Bölüm 10

22.7K 1.1K 11
                                    

İnsanlar genellikle kendilerine bir yol çizer ve o yolda bazıları zik zaklar çizerek bazılarıda düz ilerlemeye devam ederler bir an gelip kendinizi salmak istediğinizde size engel olan hiç bir şey yoksa bir kereliğine olsa bile kendinizi saldığınızda bu işin sonunda memnun da kalabilirdiniz pişmanda olabilirdiniz mesela tıpkı benim gibi!!! Başımdaki korkunç ağrıyla sızlanarak gözlerimi açmaya çalıştığımda ağrı ense kökümden başlayarak göz kapaklarıma kadar bir kez daha hızla yayılmıştı üstelik midemi o kadar boş hissediyordum ki ince bir ağrıyıda hesaba katmak gerekirdi tam anlamıyla enkazdım ve içki içtiğim için pişmandım en son bir adamın beni çekiştirmesine engel olmaya çalıştığımı hatırlıyordum. Kıpırdanmam bir saniyeyi geçmeden durmuştu tamamiyle donmuştum çünkü, üstümdeki ağırlığın bir kısmı kesinlikle alkol yüzünden değildi karnıma sarılan bir koldu ve ensemde hissettiğim düzenli nefes alışverişleri... Gözlerim sonuna kadar açıldığında dehşet içinde kalmıştım nefesim hızlanırken dün gece olanları hatırlamaya çalıştım fakat zihnim bomboştu!! Yavaşça arkamı döndüğümde ise Merih'in yüzünü görmemle içime su serpilmişti hemen sonrasında ise gözlerim tekrar sonuna kadar açıldı ben Merih'le yatıyordum!! Dün gece ne olmuştu? Yüzü saçlarıma gömülmüştü bir kolu karnımı sıkı bir şekilde sarmalamışken yorganı kaldırarak doğrulmaya çalıştım kolunu karnımdan çekmeyi başarabildiğimde ise derin bir nefes alarak hızla yataktan çıktım her ne kadar huysuz bir çocuk gibi suratını buruştursada tekrar uykuya dalmıştı bu sefer başımdaki inanılmaz ağrılarla ondan önce uyanmıştım sessiz adımlarla dolaba yönelip bir kaç parça eşya aldıktan sonra banyoya attım kendimi.
Banyoya girdiğimde kendimi inceleme fırsatım olmuştu üzerimdeki elbise hala duruyordu kollarımda ise belirli yerlerinde bir kaç küçük morluk vardı dün adam beni çekiştirirken canımı yaktığını hatırlayabiliyordum. Nasıl bu kadar sorumsuz olabilmiştim? Nasıl bu kadar zayıf olabilmiştim? Ben her zaman zayıftım ama içkiye sığınacak kadar aptal biri olmamıştım yaşadığım tüm olaylara bir de Can meselesi eklenince bende teller kopmuştu ne yapabilirdim ki?
Ilık suyla banyo yapıp çıktığımda biraz olsun rahatlamıştım tabi baş ağrım hala yerli yerindeydi ağrı kesici almam şarttı odaya geldiğimde Merih'in hala uyumasını fırsat bilerek odadan çıktım aklımdaki soru ise tamamen Merih'in neden benim yanımda yattığıydı acaba o da mı sarhoştu? Ağrıyan başım yüzünden yüzümü buruşturarak mutfağa girdiğimde boş olduğunu gördüm ev halkı görevlilerde olmak üzere uyuyor olmalıydılar aceleyle kendime bir sandviç yaparak atıştırdıktan sonra çantamıda alarak evden çıktım okula gittiğimde Can'dan yiyeceğim lafları düşünmemeye devam ederek okula doğru yol aldım.
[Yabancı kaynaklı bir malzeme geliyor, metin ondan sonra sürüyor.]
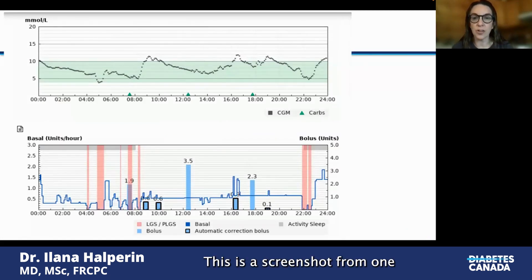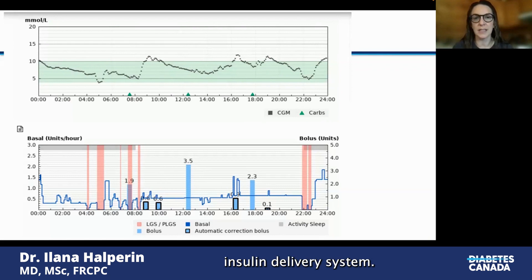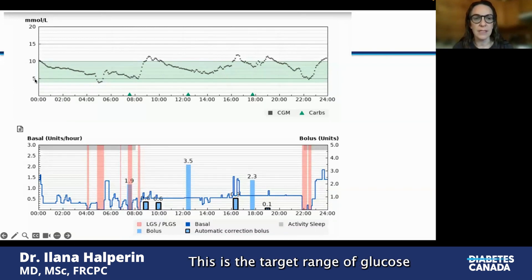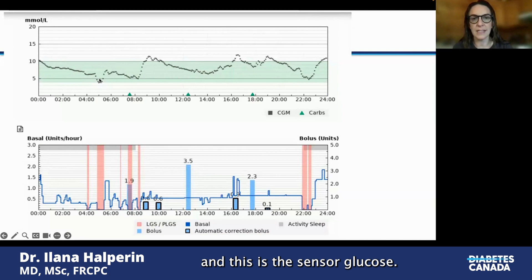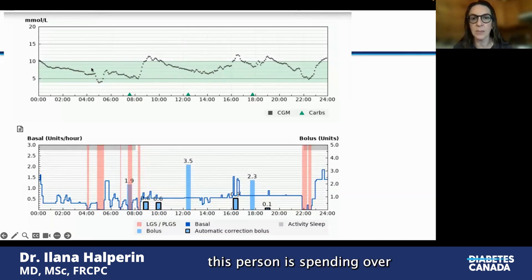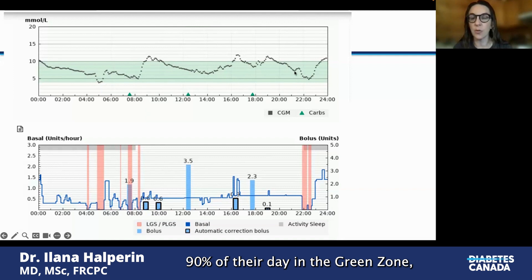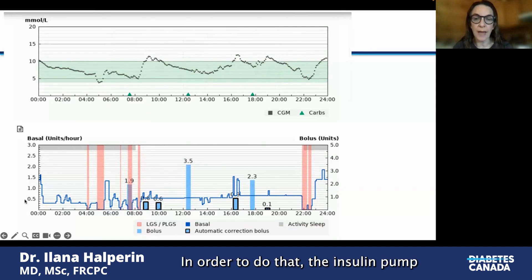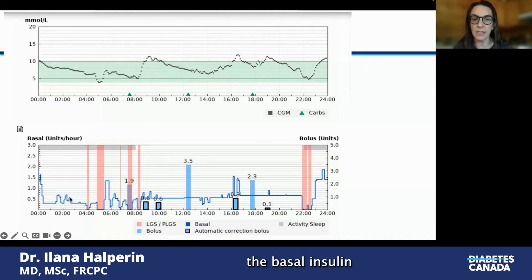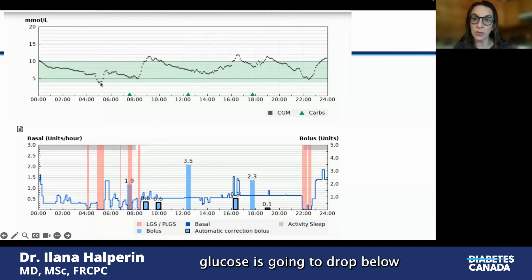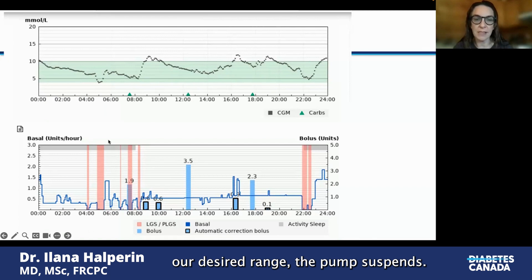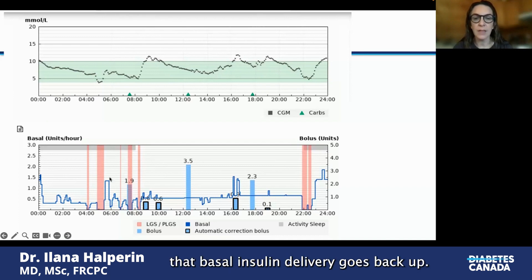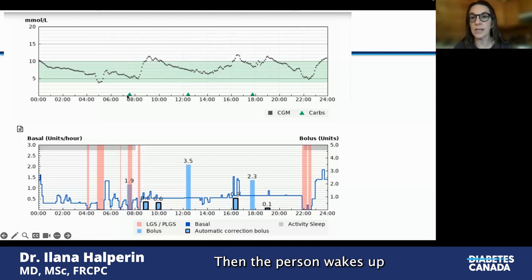This is a screenshot from one of my patients using a commercial automated insulin delivery system. The target range of glucose is between four and ten, and this is the sensor glucose. You can see that this person is spending over 90% of their day in the green zone — not too high, not too low. In order to do that, the insulin pump is continually adjusting the basal insulin. When it looks like the person's glucose is going to drop below the desired range, the pump suspends — that's what these pink lines are. As glucose levels start to climb, the basal insulin delivery goes back up. Then the person wakes up and decides to eat breakfast.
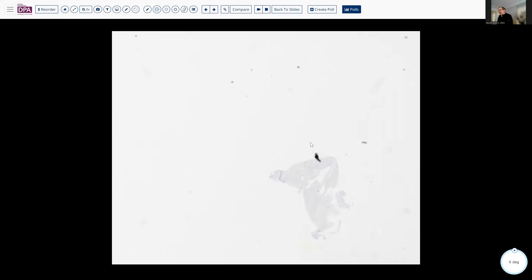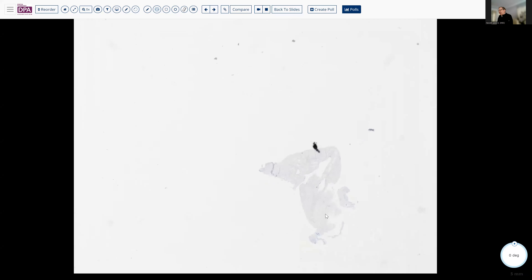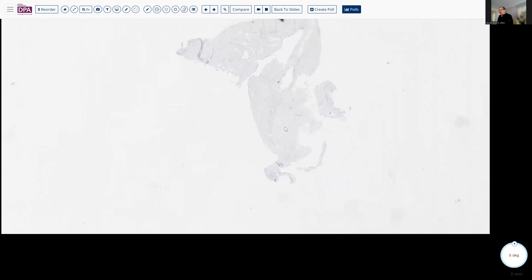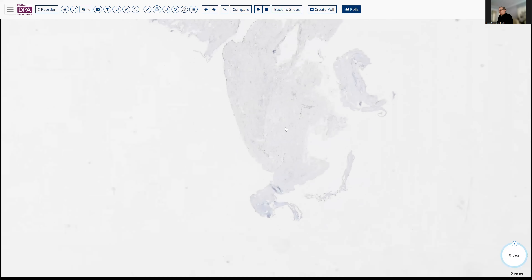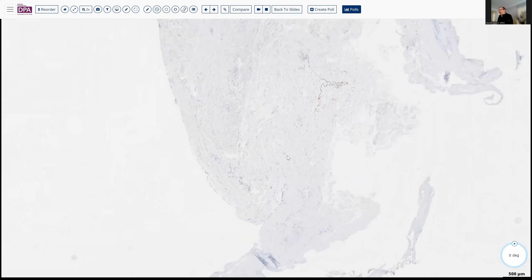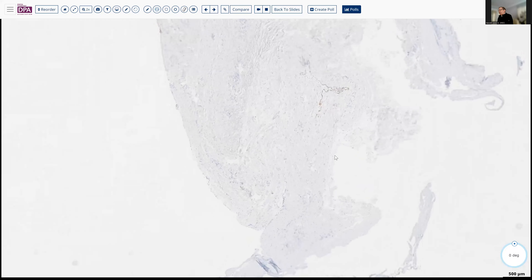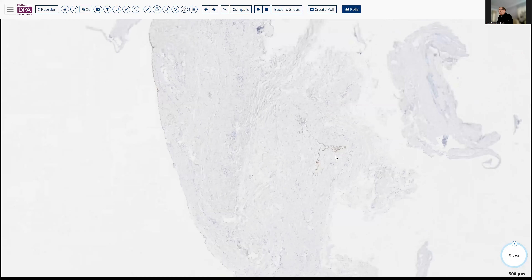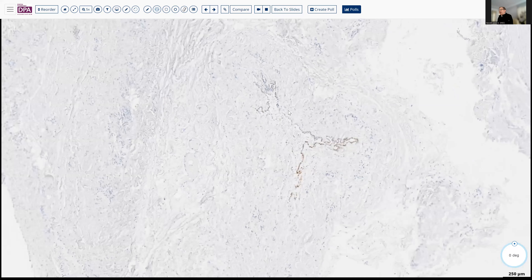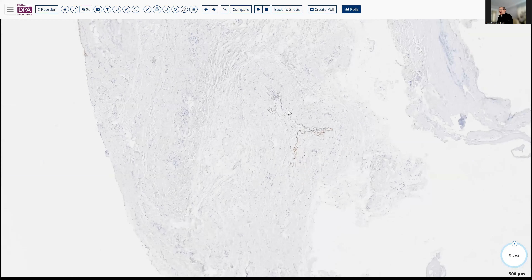Here we can see the calretinin stain. As you can see, it has pretty well exhausted any residual areas. We are picking up some of the normal mesothelial cells, but we have exhausted the sample.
Okulda ise işler dahada karışmıştı Can yüzüme bile bakmamıştı onunla defalarca konuşmak istememe rağmen beni görmezden gelerek dediklerimi yok sayıyordu. Ders arası zili çaldığında tıpkı diğer ders aralarında yaptığım gibi koşar adımlarla dışarı çıktım niyetim yine ve yine Can'ı bulmaktı bahçeye adım attığımda ise onu park alanına ilerlerken gördüm.

"Can bekle!" Can beni duyduysada durmadı ona koşup kolundan tutup bana bakmasını sağladığımda gözlerini devirdi.

"Hüma yeter artık"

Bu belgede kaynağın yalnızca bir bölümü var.